What you will do:
Starting at the line where "Zona business o" occurs, reproduce each line through the end of the entries below exactly. Omit every picture.

Data records:
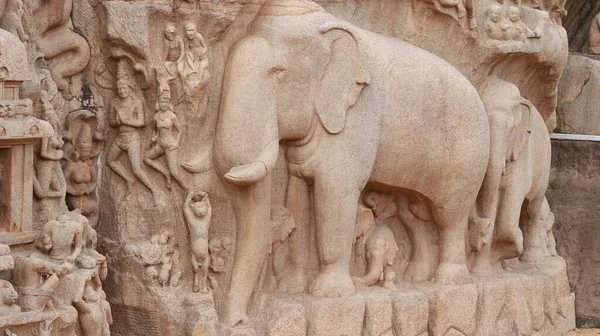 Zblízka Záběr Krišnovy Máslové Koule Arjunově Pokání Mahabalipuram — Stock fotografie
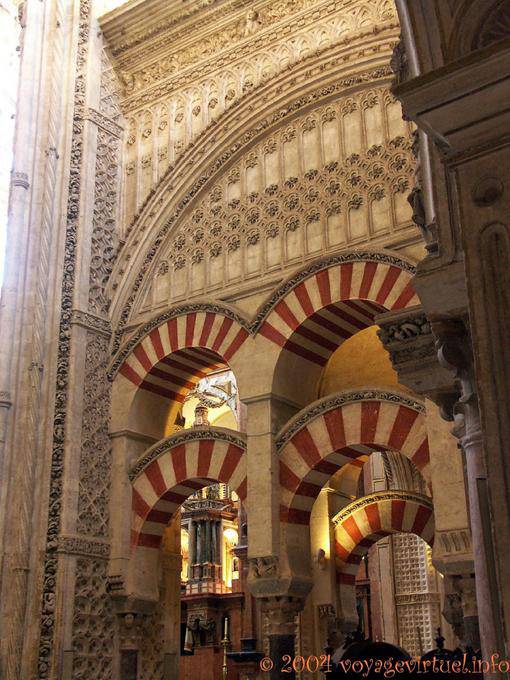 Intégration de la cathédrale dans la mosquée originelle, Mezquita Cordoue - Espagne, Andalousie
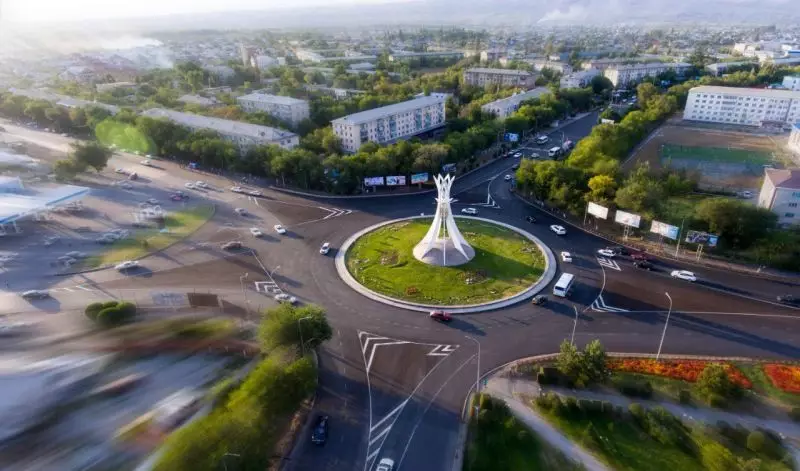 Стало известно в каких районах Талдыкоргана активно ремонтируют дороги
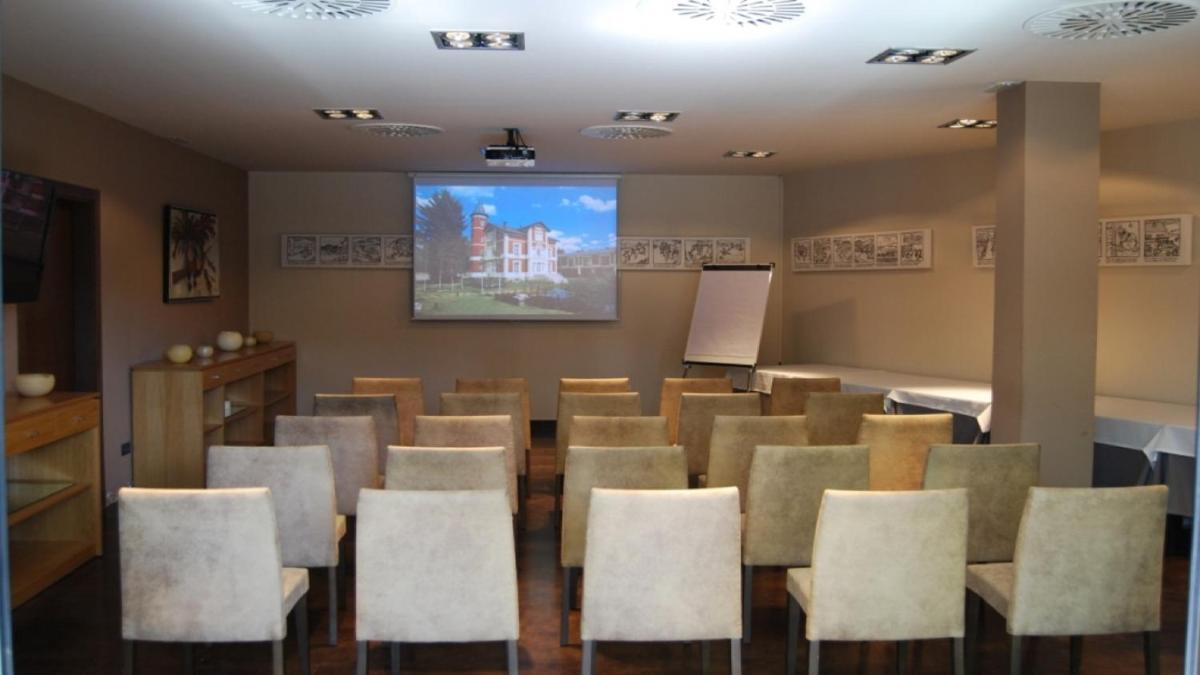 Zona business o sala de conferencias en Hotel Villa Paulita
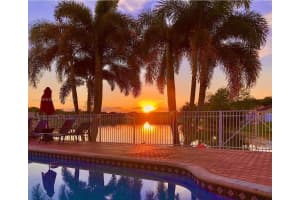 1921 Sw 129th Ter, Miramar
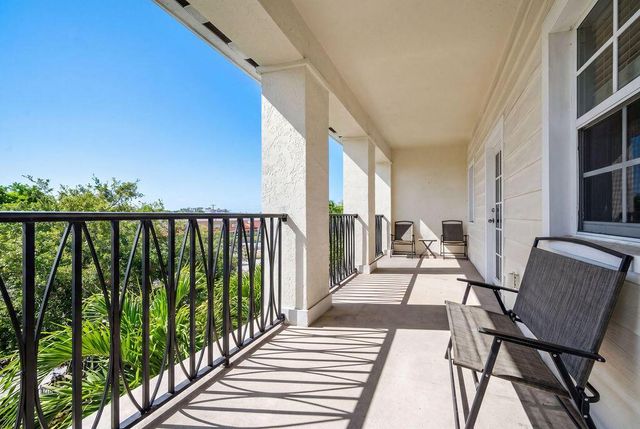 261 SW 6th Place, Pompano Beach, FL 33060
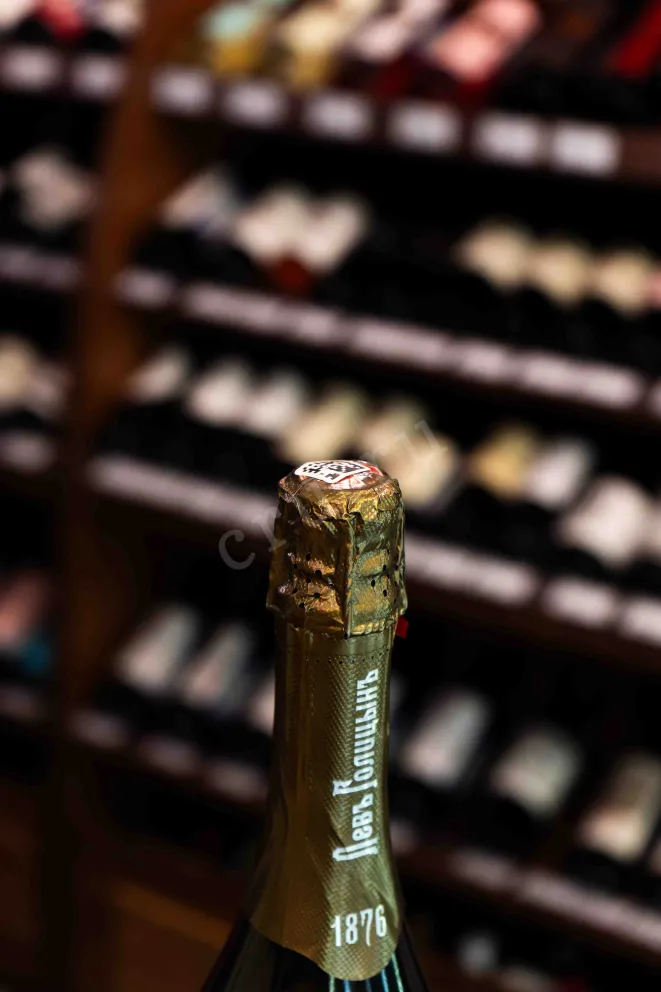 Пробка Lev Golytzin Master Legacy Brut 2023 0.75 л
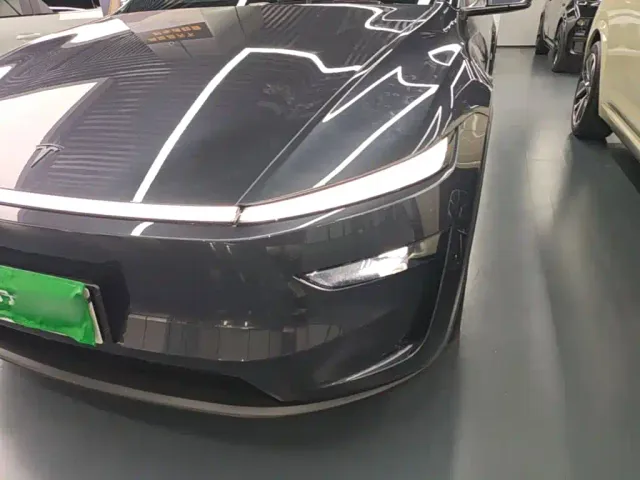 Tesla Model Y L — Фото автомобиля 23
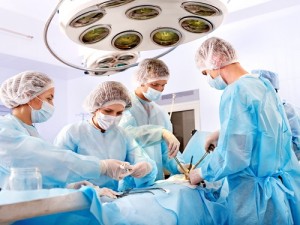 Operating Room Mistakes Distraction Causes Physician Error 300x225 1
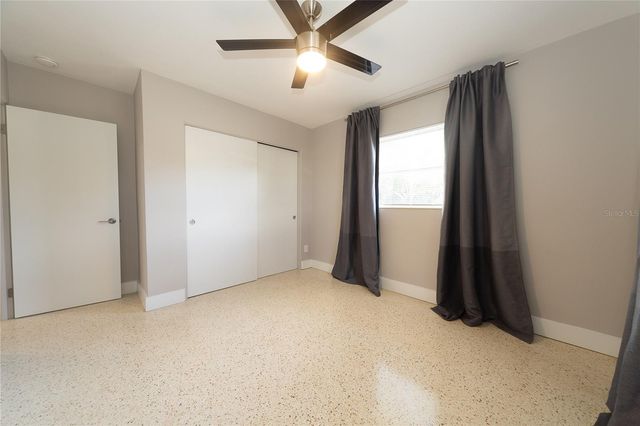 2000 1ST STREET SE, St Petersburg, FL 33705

Task response:
 Zona business o sala de conferencias en Hotel Villa Paulita
 1921 Sw 129th Ter, Miramar
 261 SW 6th Place, Pompano Beach, FL 33060
 Пробка Lev Golytzin Master Legacy Brut 2023 0.75 л
 Tesla Model Y L — Фото автомобиля 23
 Operating Room Mistakes Distraction Causes Physician Error 300x225 1
 2000 1ST STREET SE, St Petersburg, FL 33705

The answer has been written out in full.